KONDUSIF – Pemerintah kembali menegaskan komitmennya dalam pemberantasan korupsi dengan menerbitkan Peraturan Pemerintah (PP) No. 43 Tahun 2018. Aturan ini memberikan insentif bagi masyarakat yang melaporkan kasus dugaan korupsi, dengan imbalan maksimal Rp 200 juta. Langkah ini diharapkan dapat mendorong partisipasi publik dalam mengungkap praktik korupsi yang selama ini sulit terdeteksi.
Dalam aturan tersebut, pelapor akan mendapatkan 0,2 persen dari total kerugian negara, dengan batas maksimal Rp 200 juta. Sementara itu, untuk kasus suap, preminya sebesar 0,2 persen dari hasil lelang barang rampasan, dengan nilai maksimal Rp 10 juta. Penilaian terhadap kelayakan premi dilakukan paling lama 30 hari sejak jaksa menerima salinan putusan pengadilan.
Namun, pertanyaannya: apakah kebijakan ini cukup efektif untuk memerangi korupsi di Indonesia?
Skema Whistleblower di Berbagai Negara
Kebijakan memberikan imbalan bagi whistleblower bukanlah hal baru. Amerika Serikat, misalnya, memiliki skema lebih agresif dengan memberikan 10 persen hingga 30 persen dari total kerugian kepada pelapor. Sistem ini terbukti efektif dalam membongkar kasus-kasus besar, terutama di sektor keuangan dan pemerintahan.

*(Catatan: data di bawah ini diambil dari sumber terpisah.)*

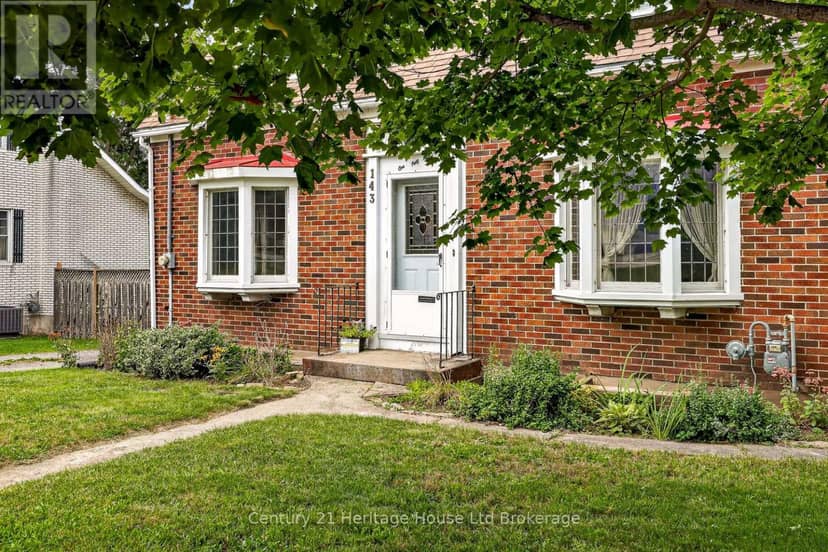 143 Charles Street E, Ingersoll, photo 4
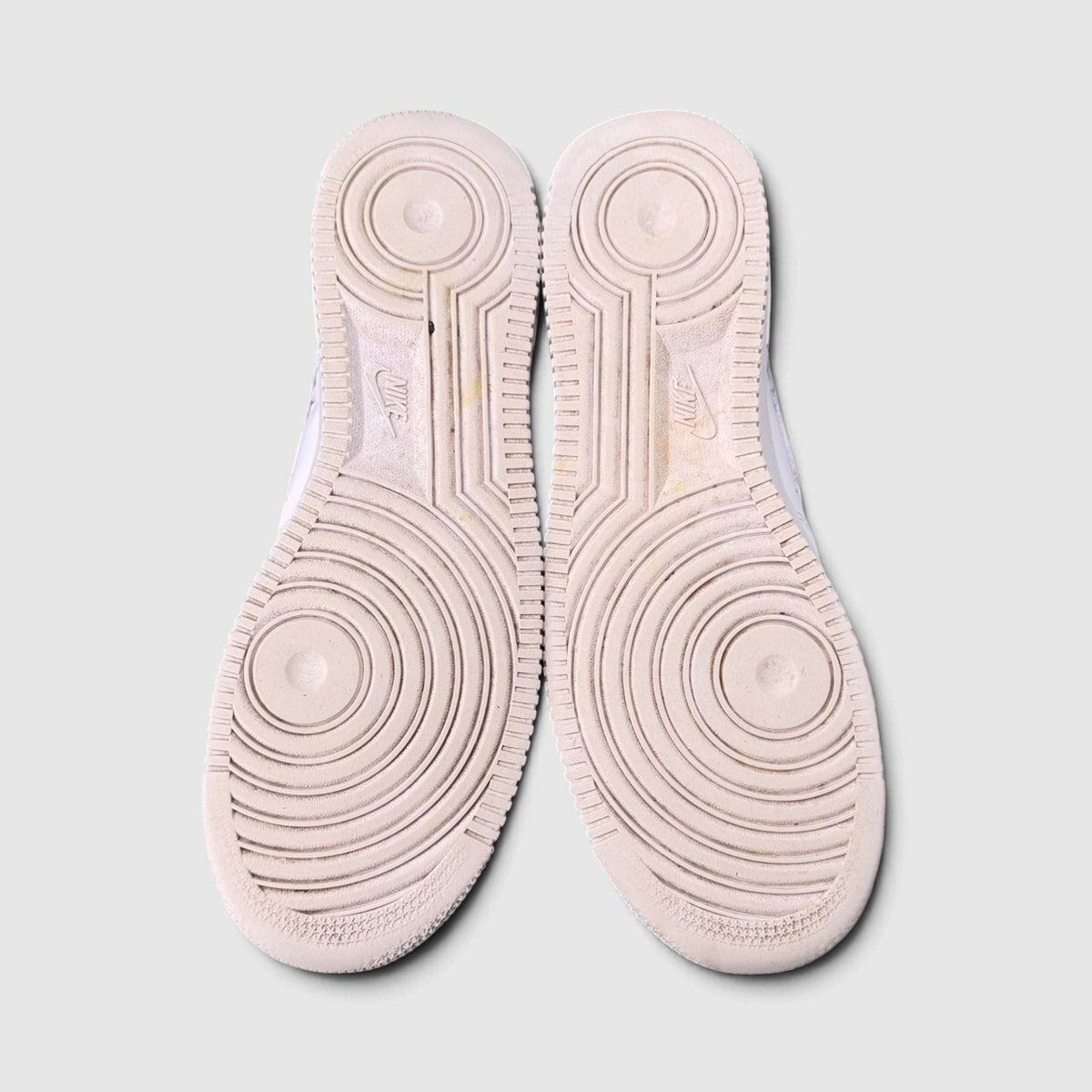 Nike Air Force 1 Low Triple White, buty sportowe męskie w bardzo dobrym stanie rozmiar 44, podeszwa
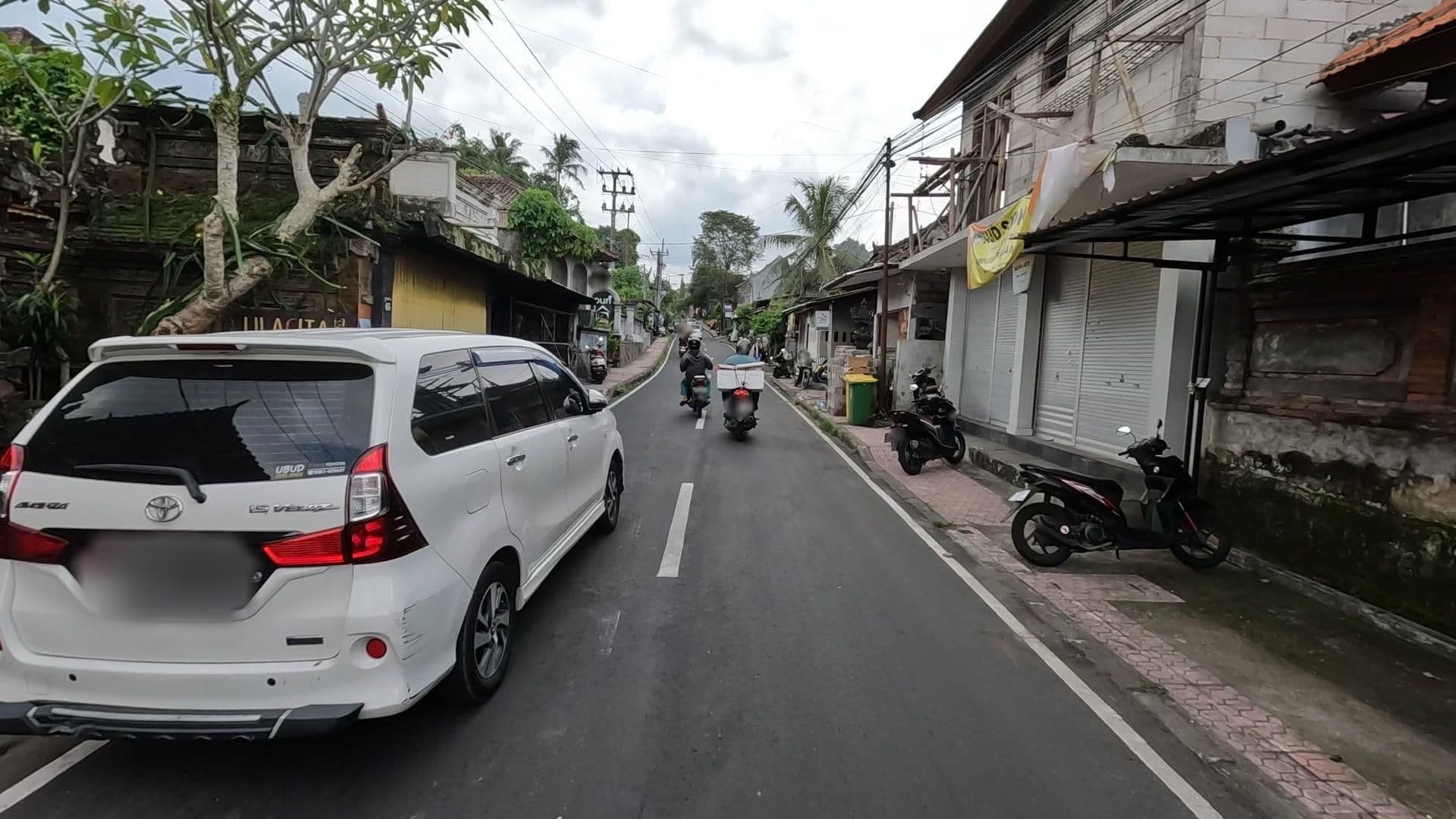 Street view near matahari house, Ubud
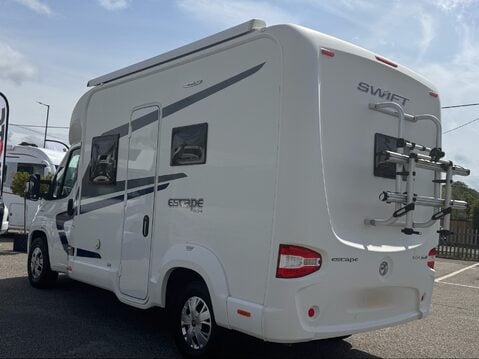 Swift Escape 604 8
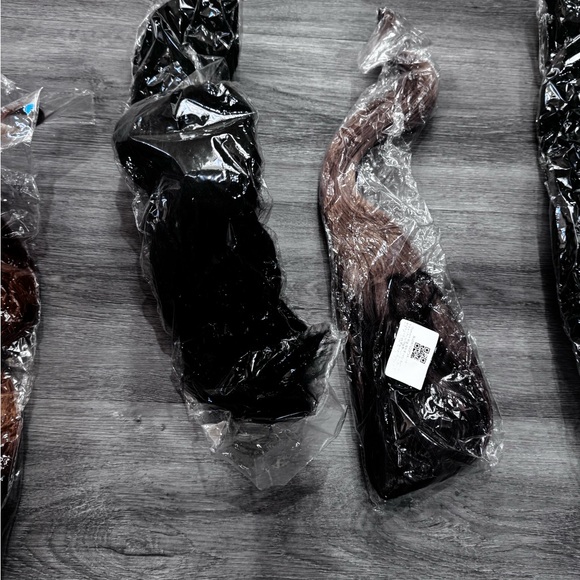 Assorted Hair Extensions Bundle - Picture 3 of 4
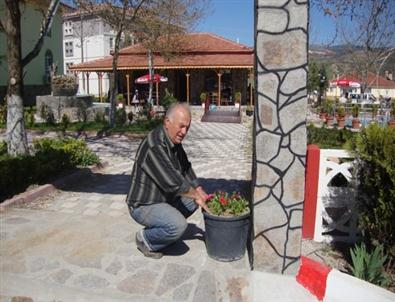 Dereköy Belediyesi’nden Çiçek Dikim Çalışmaları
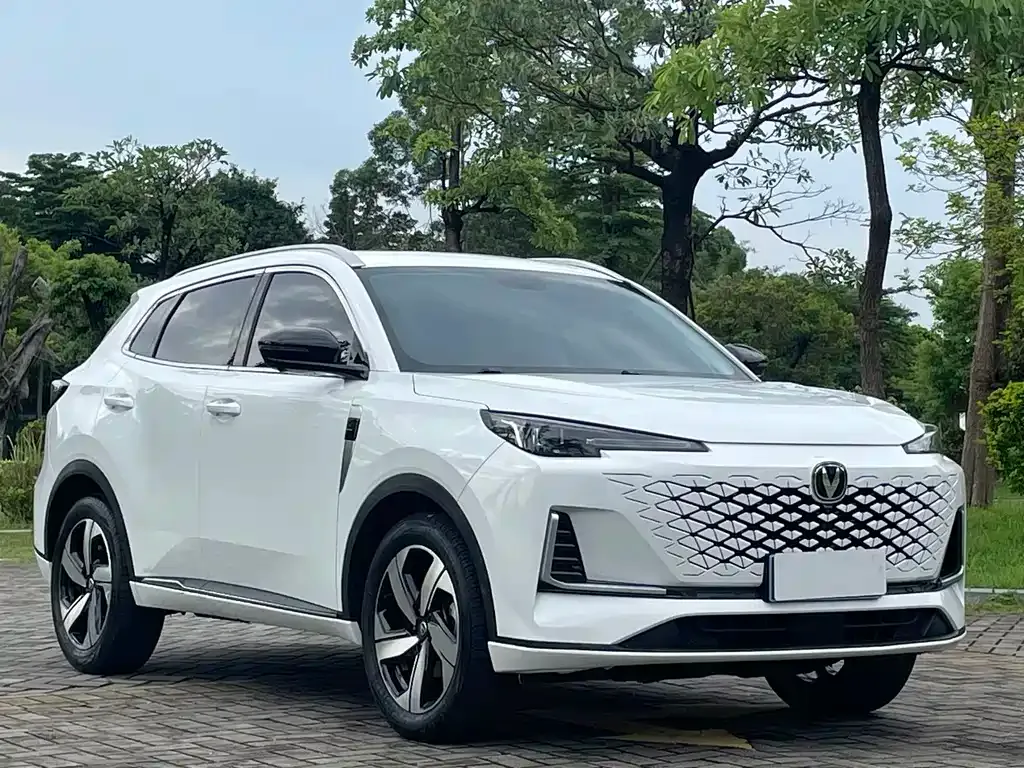 Changan CS55PLUS — фото 3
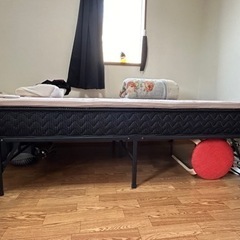 セミダブルベッド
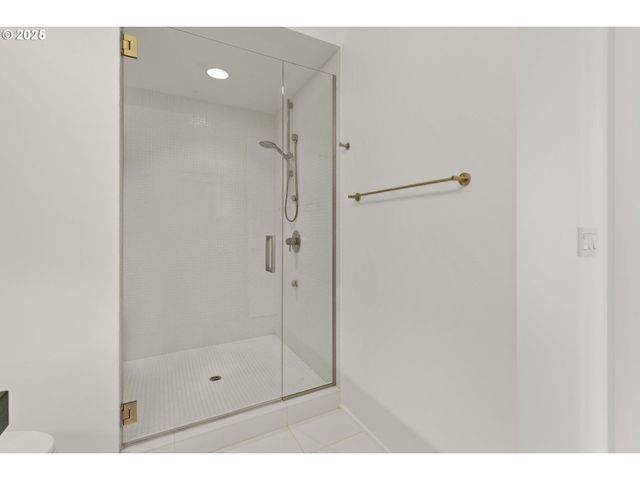 937 Nw GLISAN St 1630, Portland, OR 97209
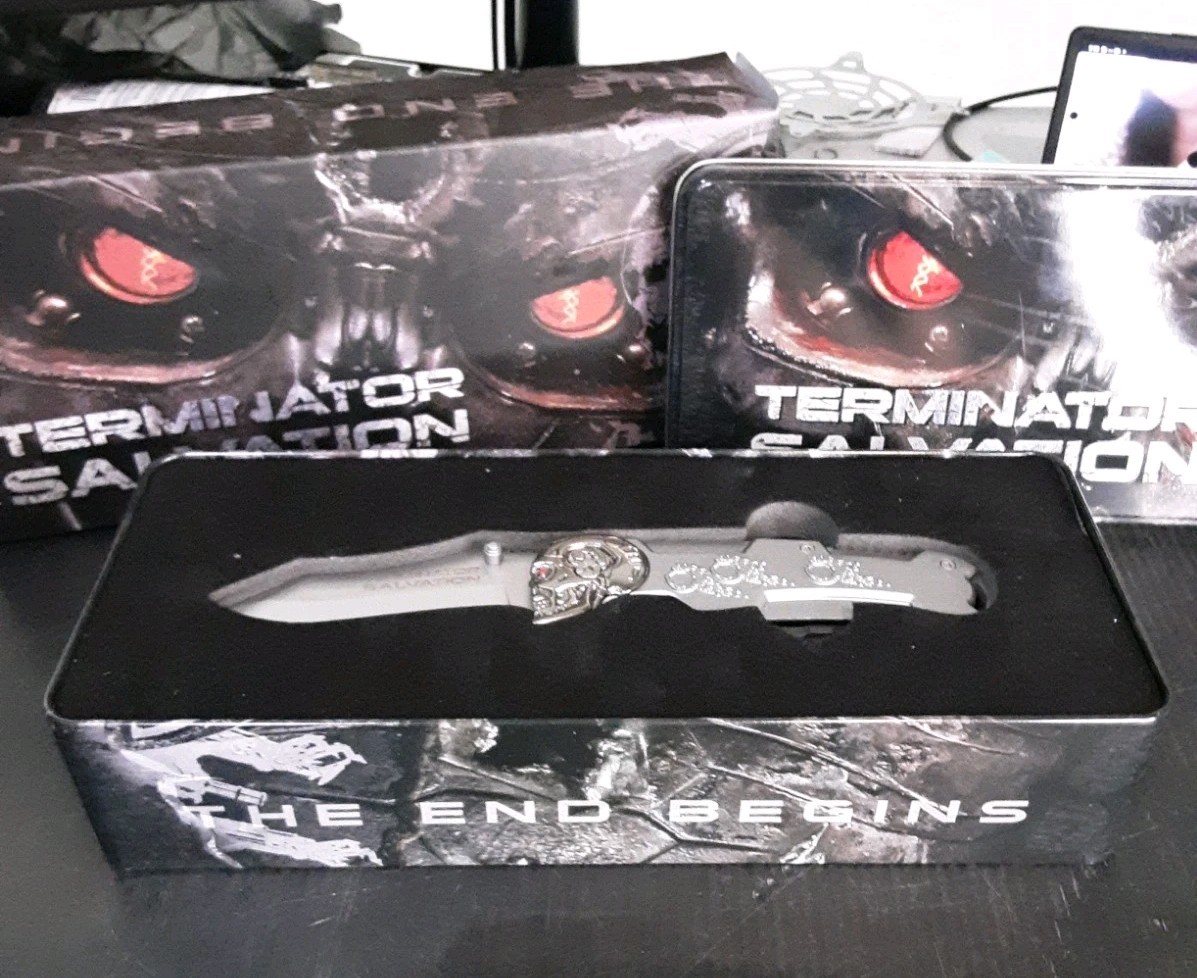 Hollywood Collectibles Group Halcyon Terminator Salvation Foldable Knife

Di beberapa negara lain, seperti Korea Selatan dan Inggris, program perlindungan bagi pelapor juga diperkuat dengan jaminan hukum dan keamanan. Perlindungan ini mencakup anonimitas, perlindungan hukum dari ancaman balas dendam, serta pendampingan hukum bagi pelapor. Dengan sistem yang matang, banyak individu berani melaporkan praktik korupsi tanpa takut kehilangan pekerjaan atau menghadapi intimidasi.
Tantangan dalam Implementasi di Indonesia
Meskipun aturan ini menjanjikan insentif finansial, masih ada beberapa tantangan yang perlu diperhatikan dalam implementasinya. Salah satunya adalah perlindungan bagi pelapor. Selama ini, banyak kasus di mana whistleblower justru mengalami ancaman, intimidasi, atau bahkan dikriminalisasi setelah mengungkap kasus korupsi.